There’s a magnificent new Hollywood Hills-inspired mansion with over 1300 square metres of living areas scattered over three levels, a classic bluestone manor with its own ballroom, tennis court and pool, a grand chateau of seven towers on a private estate in the hills, and a sandstone villa near the beach.
For prestige property purchasers, Adelaide offers a smorgasbord of luxury homes for the kind of prices that could make buyers in other capital cities weep.
And as the city was recently declared the most liveable city in Australia and the third most liveable city in the world, it’s suddenly on the post-pandemic radar of many more people.
“COVID-19 has brought a lot more buyers here,” says Matthew Paternoster, of Williams Real Estate.
“They’re looking at us from Sydney and Melbourne, where there’s now been so much time spent in lockdown, and seeing that we’ve only had … lockdowns of 10 days all up.
“They’re also looking at the kind of property we have, with lots of big character homes and city townhouses, and they’re seeing our prices.
“Now, so many of them are selling their homes for maybe $7 million, $8 million, $9 million or $10 million, and buying something equivalent in Adelaide for $3 million to $4 million and putting the rest in the bank or into their businesses or other investments.”
The world-beating rating from The Economist Intelligence Unit’s Global Liveability Index 2021, which scored 140 cities on features such as safety, sustainability, healthcare, education, stability and infrastructure, didn’t hurt either.
With Adelaide ranked behind only Auckland and Osaka, it’s concentrated attention even more on a capital city that the Australian Bureau of Statistics projects to still only have a population of about 1.5 million by 2027.
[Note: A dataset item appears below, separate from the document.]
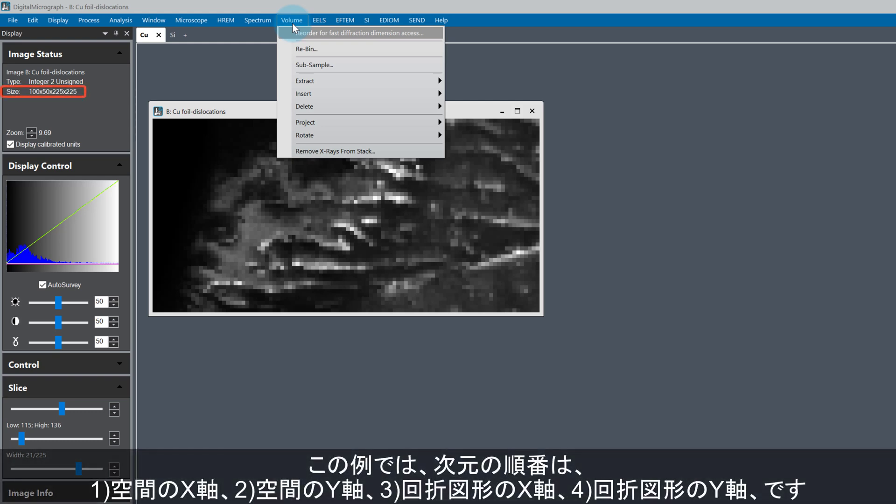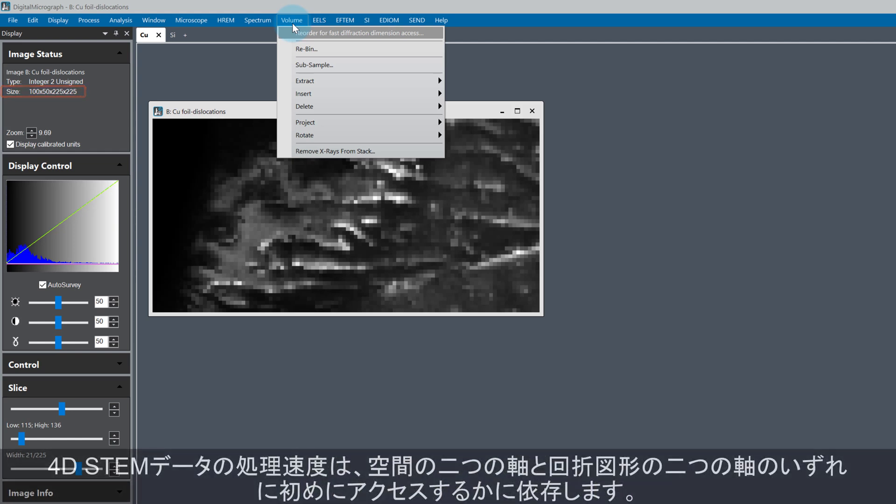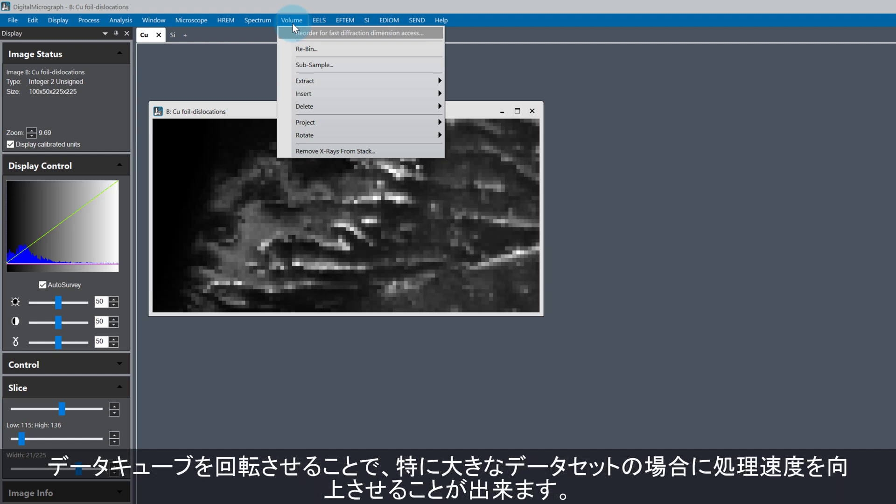In the example I'm showing here, the dimension ordering goes as spatial X, spatial Y, diffraction X, and finally diffraction Y. Certain processing operations are faster if the spatial dimensions come first, and others are faster if the diffraction dimensions come first. Applying cube rotation can greatly affect the speed of data processing, especially for large datasets.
“We’re now seeing a lot of people coming here from interstate, as well as Australians who’ve been living overseas in the UK, US, everywhere, returning to live here, or buying here on FaceTime for when they can return,” says Mark Sanderson, the president of the Real Estate Institute of South Australia.
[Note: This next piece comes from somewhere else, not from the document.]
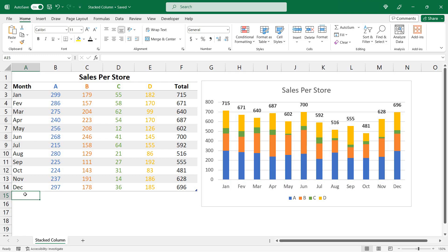Hello everyone! In today's video I'm going to show you how to create a stacked column chart in Excel. The stacked column chart allows us to visualize how much an item represents within its group.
The resulting increase in demand for homes has seen the median house price in Adelaide rise by 16.3 per cent over the past year, on Domain figures.
At the top end, anecdotally, the rise has been sharper still.
David Smallacombe, of Smallacombe Real Estate, says in some of the blue-chip suburbs such as Medindie – where a sale in March for a reported $10.5 million smashed the city’s property price record – and Toorak Gardens, rises have been as high as 30 per cent.
“People are keen to buy in good school zones, particularly from overseas, and you can see these kinds of big price rises continuing,” he says.
“People are now able to work remotely, and while in the past we’ve not had so many jobs locally, that’s now starting to change.”
The city, already revitalised by the $535 million redevelopment of the old Adelaide Oval, is currently undergoing an unprecedented commercial boom.
Charter Hall has poured $470 million into a new commercial tower in the CBD, Cbus Property has appointed multiplex to deliver its new $300 million commercial office development nearby, and ICD Property will soon be starting its $400 million mixed-use development at the city’s iconic Central Market precinct.
“We’ve had incredible levels of both commercial and residential interest in Adelaide,” says Daniel Gannon, South Australian executive director of the Property Council of Australia.
“We’re now in the fortunate position of more people moving to Adelaide for its value proposition and its lifestyle, and far fewer wanting to leave.
“In the past, many of our best and brightest moved away to further their careers, but Adelaide now offers so much to everyone.”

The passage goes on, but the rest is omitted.